Tampa Bay Lightning head coach Jon Cooper openly rebuked the referees following Thursday’s 4-3 defeat to the Pittsburgh Penguins at Benchmark International Arena.
Lightning right winger Nikita Kucherov appeared to tie the game with under a minute remaining, but referees disallowed the goal after determining forward Brandon Hagel had directed the puck illegally with his hand earlier in the sequence.
The NHL’s Situation Room initiated the review under Rule 38, which allows officials to overturn an on-ice call only if video evidence conclusively proves the call was incorrect. Officials determined that Hagel had directed the puck to Jake Guentzel with a hand pass at 1:08 of the third period, just 13 seconds before Kucherov’s goal, rendering the late Lightning tally invalid under Rule 79, which disallows goals if a teammate intentionally plays the puck with a hand.
Cooper questioned the intent and interpretation of the call after the loss, saying:
“There’s a couple things: OK, did he mean to do it, or was it deflected?
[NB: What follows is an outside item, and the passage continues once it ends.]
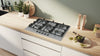 Bosch Series 6 PCQ7A5I90 75cm Gas Hob - Stainless Steel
Was there an advantage gained or not? And you could really debate whether an advantage was gained. Did Brandon Hagel direct that puck, knowing exactly where it was going? No. Would you sit here today and say Brandon Hagel was maybe protecting his face from a puck hitting it, or protecting some part of his body?
“If I threw this microphone at you right now, would you put your hand up to stop it? Hell yeah, you would. All right, so there’s a spirit of the rule. Was that the spirit of the rule for him, take it in the face? If that, okay, let’s let me do that. And I think that’s where we get that wrong, and that’s not what happened. And he didn’t direct any pucks. That was a bang-bang play. There were tons of guys around. It turned out we got it first. A lot of play, a lot of the game developed after that, and the puck went in the net.
“So is that a really frustrating one for me? It is. I think you read the rule book, which we did, and then you try and dissect what happened in the play, and then you take it all into consideration. It’s laughable that that got overturned, but in the end, it did, so can’t cry over that. Bottom line is, we should never put it in that situation anyway. So that’s our bad that we got to that situation.”
The 58-year-old also criticized the the leagues video review system, particularly the fact that the Situation Room in Toronto, rather than on-ice officials, initiated the overturn.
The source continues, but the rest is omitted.